Update on July 3: The reader_archive and feed_archive scripts are no longer operational, since Reader (and its API) has been shut down. Thanks to everyone that tried the script and gave feedback. For more discussion, see also Hacker News.

There remain only a few days until Google Reader shuts down. Besides the emotions1 and the practicalities of finding a replacement2, I've also been pondering the data loss aspects. As a bit of a digital pack rat, the idea of not being able to get at a large chunk of the information that I've consumed over the past seven and a half years seems very scary. Technically most of it is public data, and just a web search away. However, the items that I've read, tagged, starred, etc. represent a curated subset of that, and I don't see an easy of recovering those bits.

Reader has Takeout support, but it's incomplete. I've therefore built the reader_archive tool that dumps everything related to your account in Reader via the "API". This means every read item3, every tagged item, every comment, every like, every bundle, etc.
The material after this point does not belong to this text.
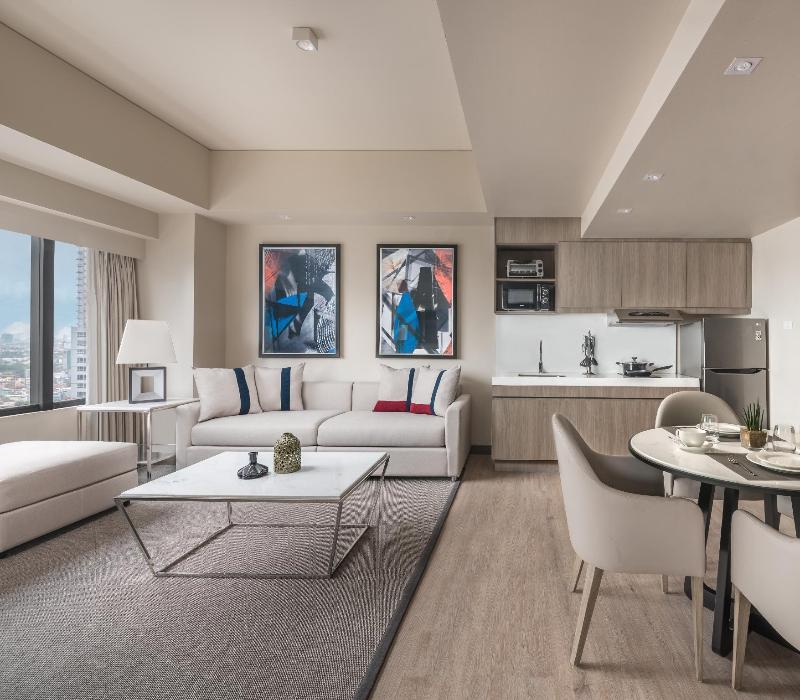 Photo of Seda Residences Makati, 4-star hotel in Manila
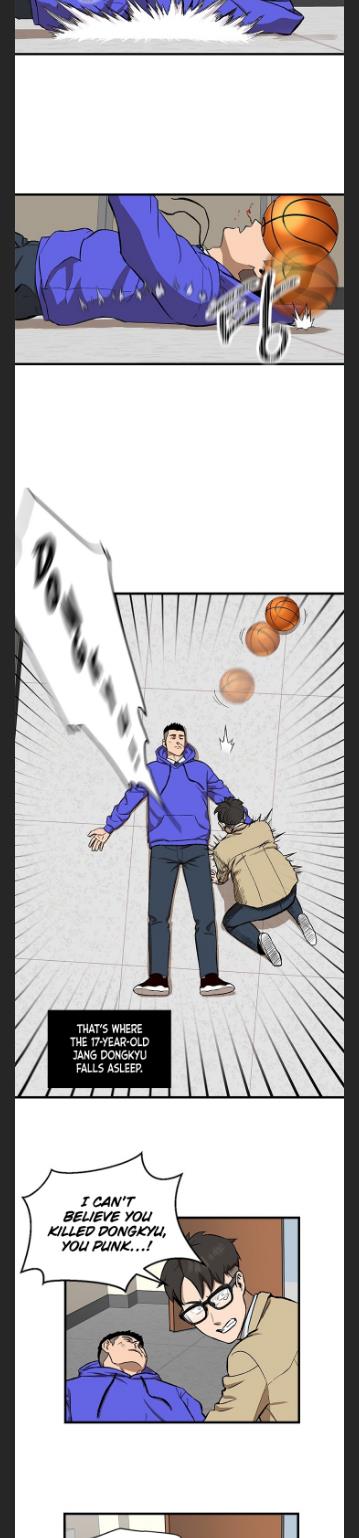 Conquer The Throne Highschool chapter 2 - page 25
There's also a companion site at readerisdead.com that explains how to use the tool, provides pointers to the archive format and collects related tools4.

Additionally, Reader is for better or worse the papersite of record for public feed content on the internet. Beyond my 545 subscriptions, there are millions of feeds whose histories are best preserved in Reader. Thankfully, ArchiveTeam has stepped up. I've also provided a feed_archive tool that lets you dump Reader's full history for feeds for your own use.5

I don't fault Google for providing only partial data via Takeout. Exporting all 612,599 read items in my account (and a few hundred thousand more from subscriptions, recommendations, etc.) results in almost 4 GB of data. Even if I'm in the 99th percentile for Reader users (I've got the badge to prove it), providing hundreds of megabytes of data per user would not be feasible. I'm actually happy that Takeout support happened at all, since my understanding is that it was all during 20% time. It's certainly better than other outcomes.
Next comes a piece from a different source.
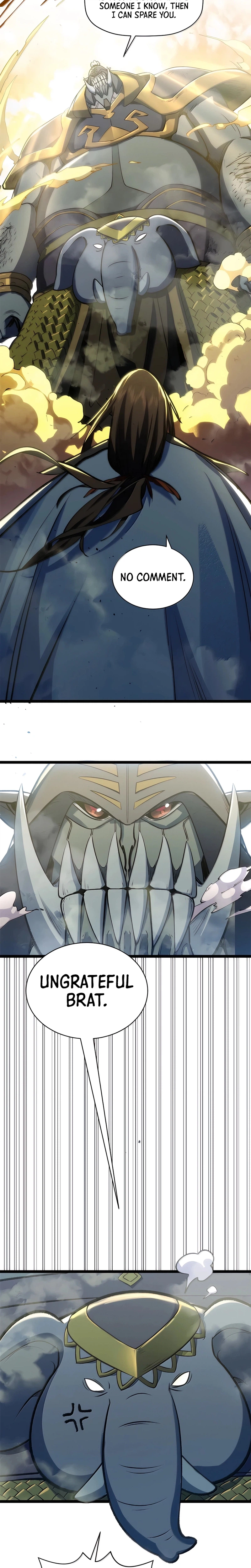 Top Tier Providence Chapter 217, page 5 of 22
Of course, I've had 3 months to work on this tool, but per Parkinson's law, it's been a bit of a scramble over the past few days to get it all together. I'm now reasonably confident that the tool is getting everything it can. The biggest missing piece is a way to browse the extracted data. I've started on reader_browser, which exposes a web UI for an archive directory. I'm also hoping to write some more selective exporters (e.g. from tagged items to Evernote for Ann's tagged recipes). Help is appreciated.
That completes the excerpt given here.